• _Exercise goal_
Set down, exactly as written, the lines from the line holding "Inel din Argint" to the end of the data, inclusive, skipping any pictures.

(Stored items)

· · · ·

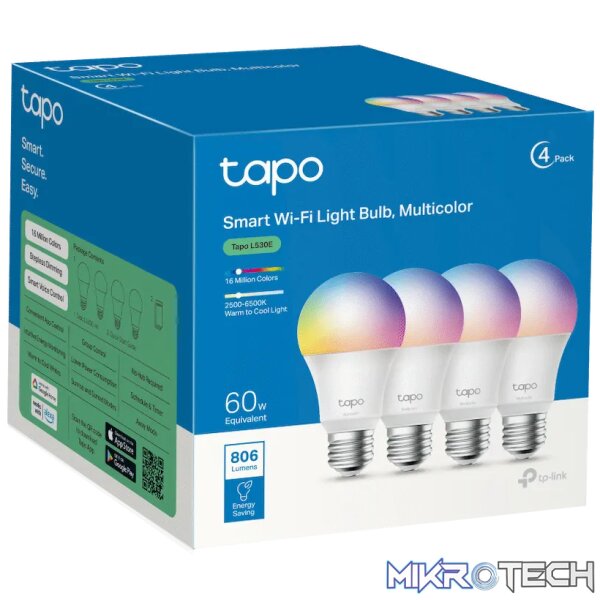 TP-Link Tapo L530E (4-Pack) Smart Wi-Fi Light Bulb - Multicolor - Image 2
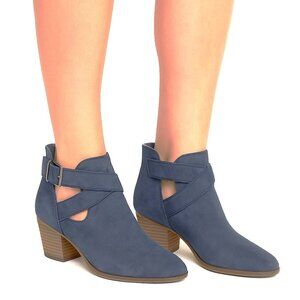 Sole Society Azure Vista Blue Cow Suede Heeled Booties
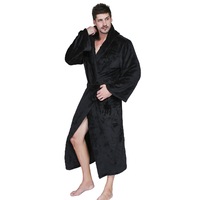 Plus Size Dressing Gown Fleece Robe Unisex BathRobe Long Hooded Mens Womens Sleepwear Pajamas 70-165KG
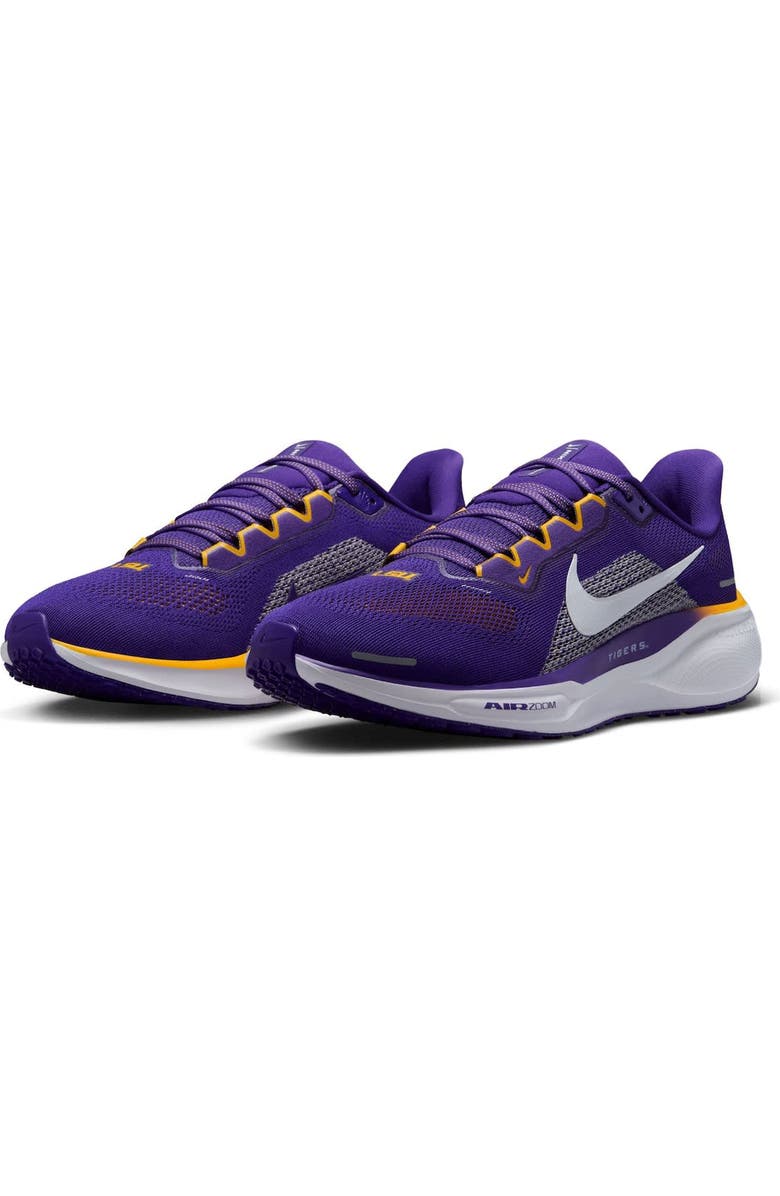 Nike Unisex Nike Purple LSU Tigers Zoom Pegasus 41 Running Shoes, Alternate, color,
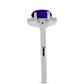 Inel din Argint 925 ( 2.37 grame ) cu Jad Violet și Topaz Alb 0.82 Carate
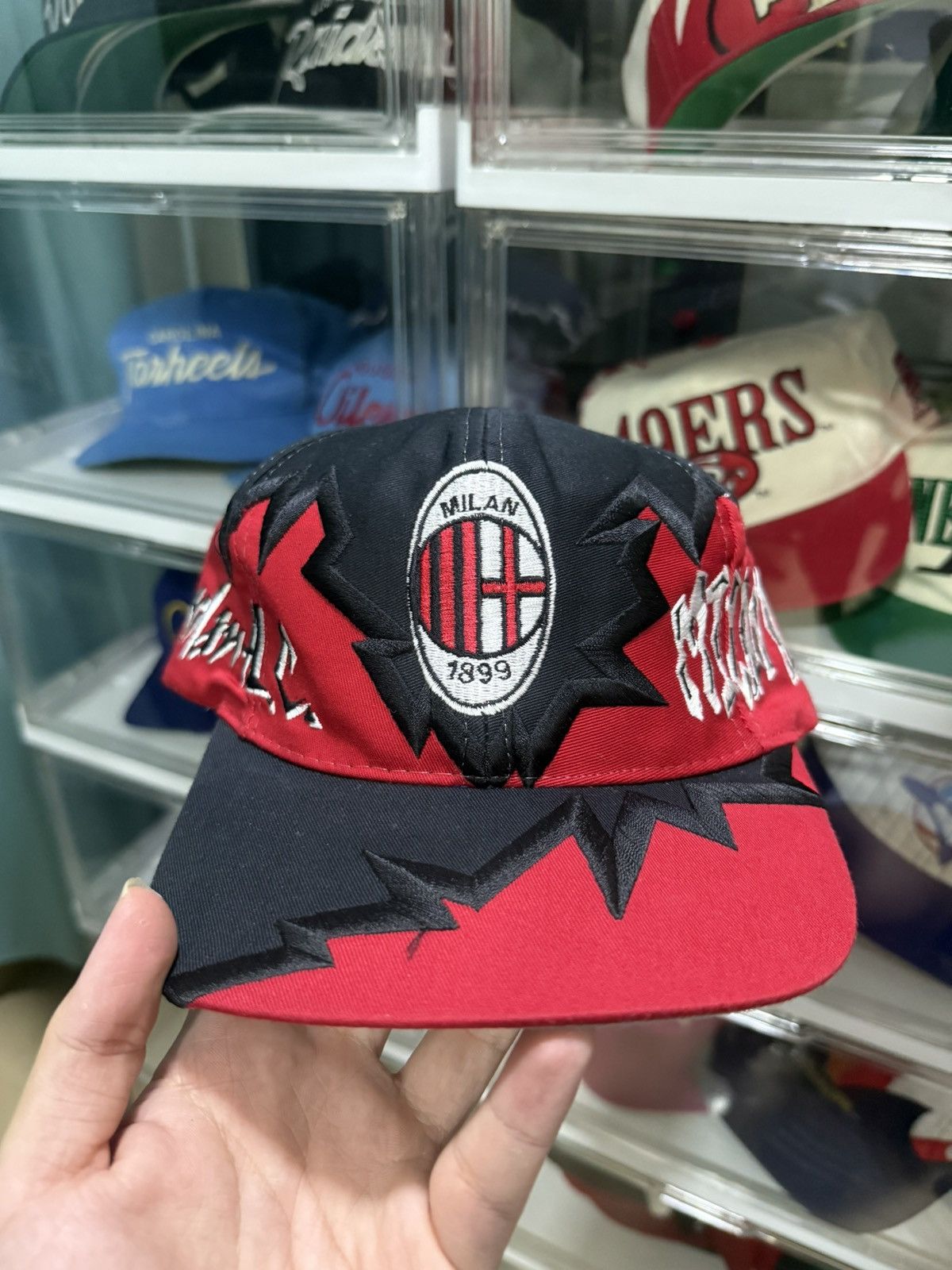 Rare vintage AC Milan Jagged Edge snapback hat Drew Pearson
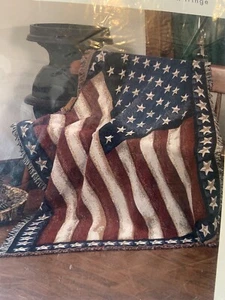 American Flag Woven Throw Blanket USA Stars Stripes July 50” X 60” Patriotic - Picture 1 of 7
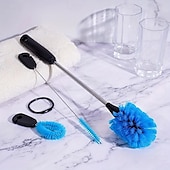 economico Pulizia cucina-Set di spazzole per la pulizia delle bottiglie d&#039;acqua 3 in 1: perfetto per bottiglie a collo stretto, bottiglie sportive, tazze da caffè, bicchieri e fiaschette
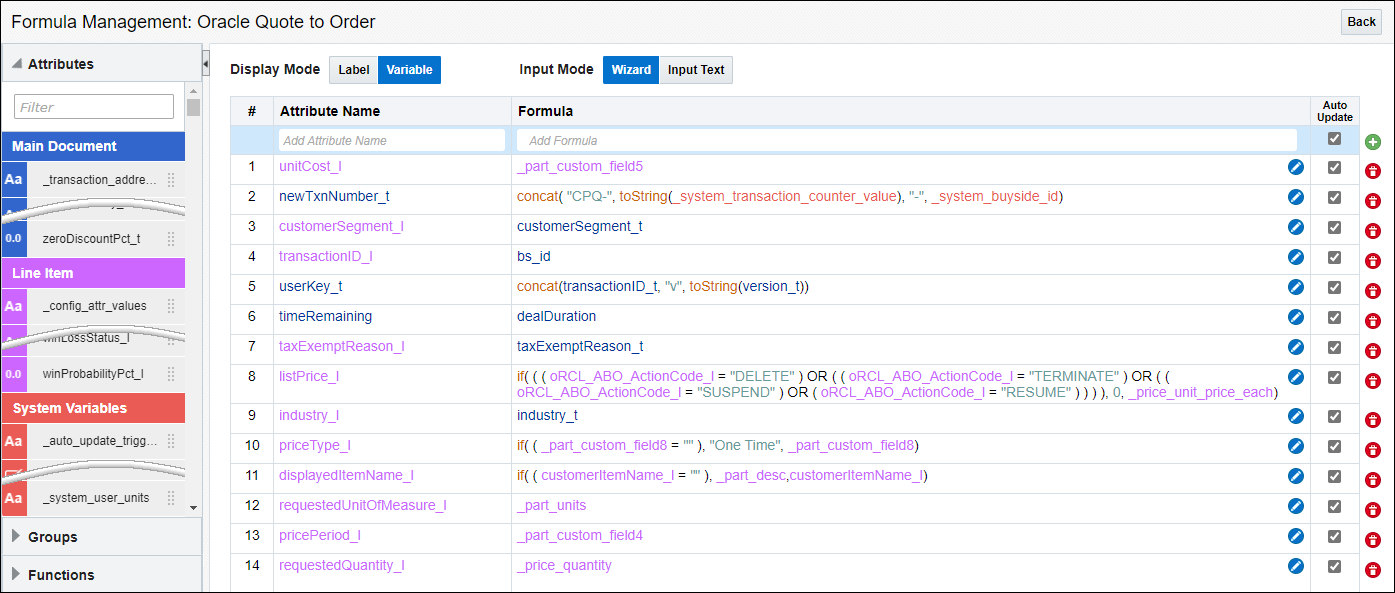 Formula Management page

· · · ·

• _Task answer_
 Inel din Argint 925 ( 2.37 grame ) cu Jad Violet și Topaz Alb 0.82 Carate
 Rare vintage AC Milan Jagged Edge snapback hat Drew Pearson
 American Flag Woven Throw Blanket USA Stars Stripes July 50” X 60” Patriotic - Picture 1 of 7
 economico Pulizia cucina-Set di spazzole per la pulizia delle bottiglie d&#039;acqua 3 in 1: perfetto per bottiglie a collo stretto, bottiglie sportive, tazze da caffè, bicchieri e fiaschette
 Formula Management page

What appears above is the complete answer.